BEGIN SUPPLIED DATA
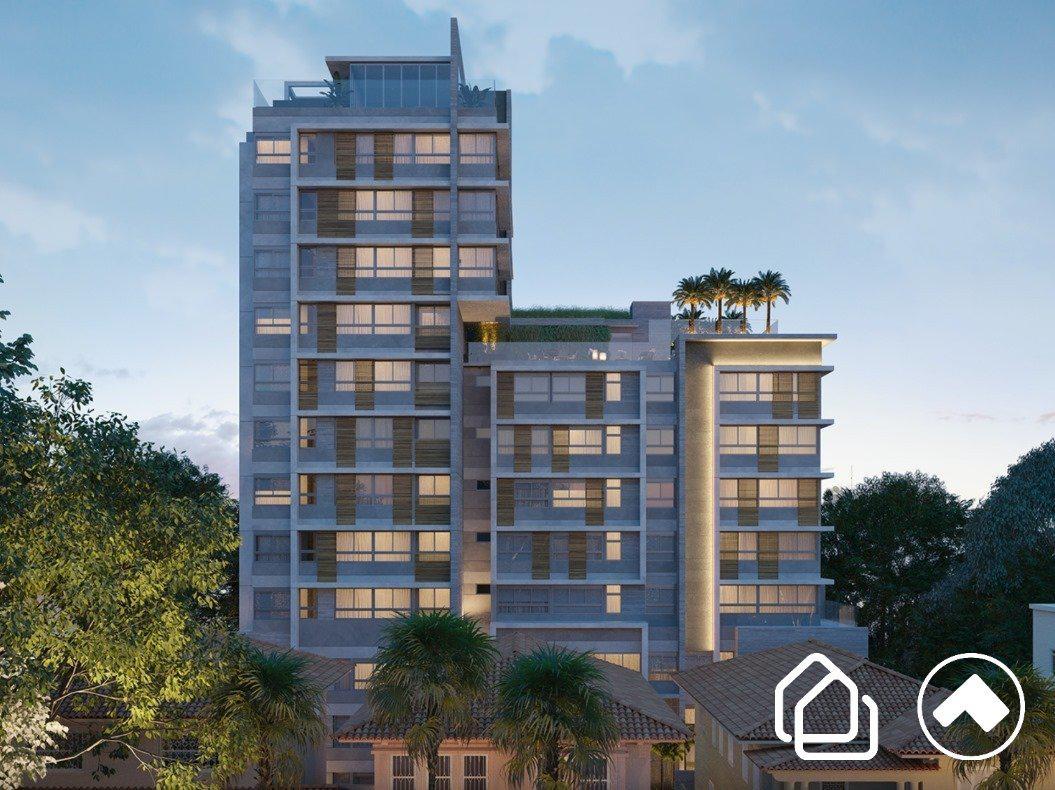 Apartamento, Lourdes, 3 Quartos, 2 Vagas, 1 Suíte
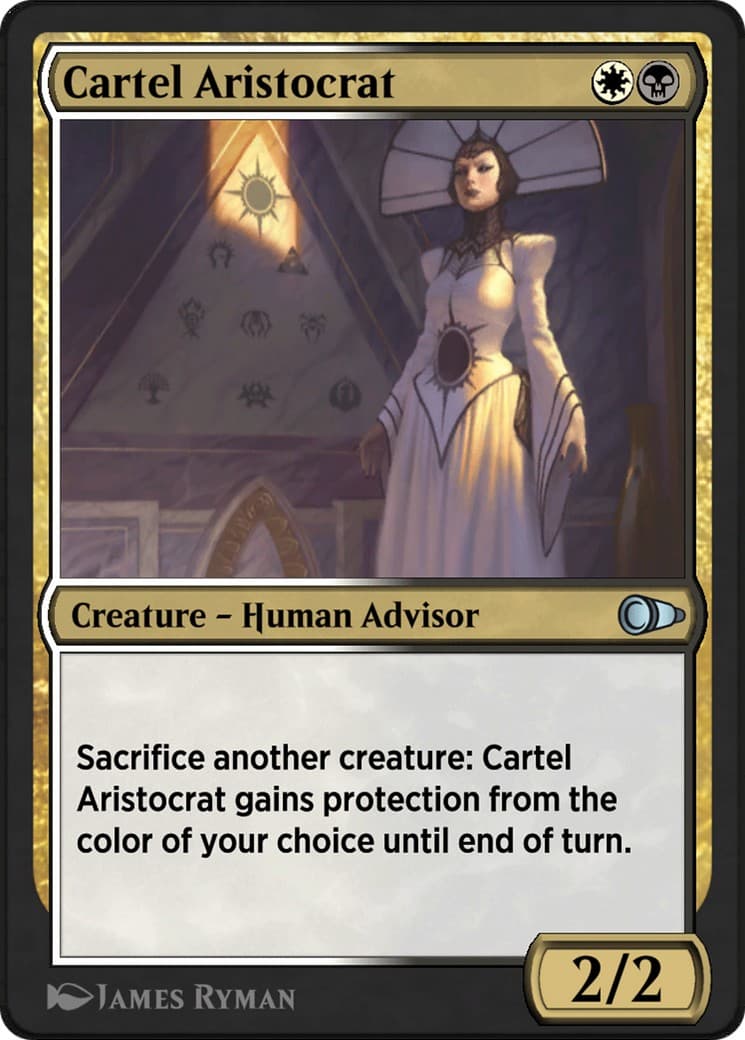 Cartel Aristocrat - Image 1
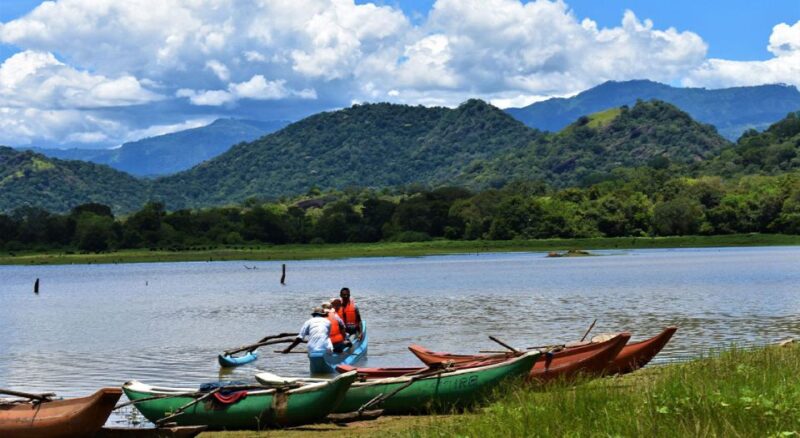 Etili Village Tour With Sri Lankan Lunch - Key Points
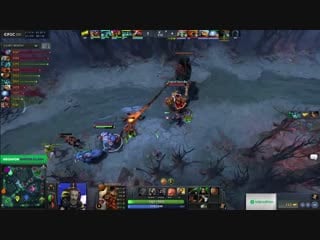 Natus vincere vs team liquid, megafon winter clash, bo5, game 1 [maelsorm ns]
END SUPPLIED DATA
Before you return the listing, strip out its pictures; all else must match exactly.

EXERCISE OUTPUT:
 Apartamento, Lourdes, 3 Quartos, 2 Vagas, 1 Suíte
 Cartel Aristocrat - Image 1
 Etili Village Tour With Sri Lankan Lunch - Key Points
 Natus vincere vs team liquid, megafon winter clash, bo5, game 1 [maelsorm ns]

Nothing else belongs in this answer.